Andreu Mas-Colell, chair of Economics at the Universitat Pompeu Fabra, explained that cancer research is an example of frontier research, which the European Research Council plans to promote. “Until now, support for research at the European level has been seen to be justified only when it promotes industrial interests. It was necessary to change this approach and realise that we need to invest in frontier research,” affirmed Mas-Colell, “science that breaks the boundary between basic and applied science, and which is based on excellence. According to Mas-Colell “moving forward depends on funds, leadership and management; we invest public money in R&D, we have management, demonstrated by organizations of excellence such as IRB Barcelona, but we may have a problem with scientific leadership.” To overcome this, says Mas-Colell, it is necessary to recover, retain and recruit talent. For Mas-Colell, Spain runs the risk of becoming a greenhouse for researchers for other centres and universities in Europe because of non-competitive salary levels. As a possible solution, Mas-Colell suggested that private businesses can play and important role: “if foundations of banks and finance entities came together in this, they could meet the challenge”, he concluded.
Mayor Zaragoza: "Scientists need to have more influence and increase their advisory role."
Federico Mayor Zaragoza, president of the Initiative for Science in Europe (ISE), spoke of science, society and governmnent.
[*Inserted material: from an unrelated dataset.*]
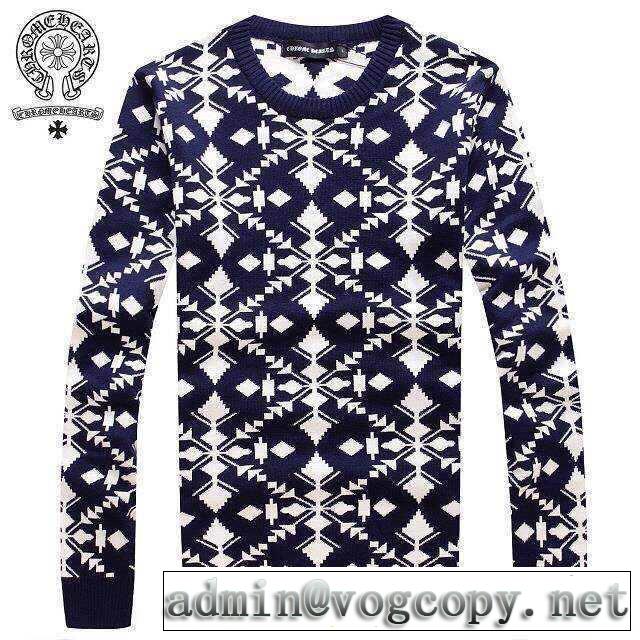 お洒落 2014秋冬 chrome hearts クロムハーツ ニットウェア 3色可選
He noted that cancer is a key word in our society, and that therefore investment in cancer research can be very profitable. Mayor-Zaragoza suggested that the scientific community needs to have more influence, and increase its advisory role regarding topics that concern society. “If science wants to work within society, there must be communication. Everyone needs to get involved – the world of business as well as those in power. If we can’t convince those in power, knowledge has no value.” Scientists have an advisory role, affirms Mayor Zaragoza, and should be advising politicians so that they can make informed decisions.
Francisco González Robatto, president of the Spanish Cancer Association (Asociación Española contra el Cáncer – AECC), spoke of the role that associations and civil society play in the fight against cancer. He provided information on the activities undertaken by the AECC since its creation in 1953. González-Robatto highlighted the three channels that the association promotes: information, prevention and research. These three areas, he says, are fundamental to increasing our knowledge about cancer and getting closer to finding a cure.
Joan J. Guinovart, director of IRB Barcelona, closed the Forum stating that “to win the fight against cancer, we must secure the involvement of all sectors of society. At the scientific level, we need continued support for basic research of excellence, access to new technologies, and networks and a closer collaboration between the public and private sectors. At the social level, we must achieve a collective commitment to adopt habits that reduce risk factors for the disease. At the individual level, we need to raise awareness about prevention.”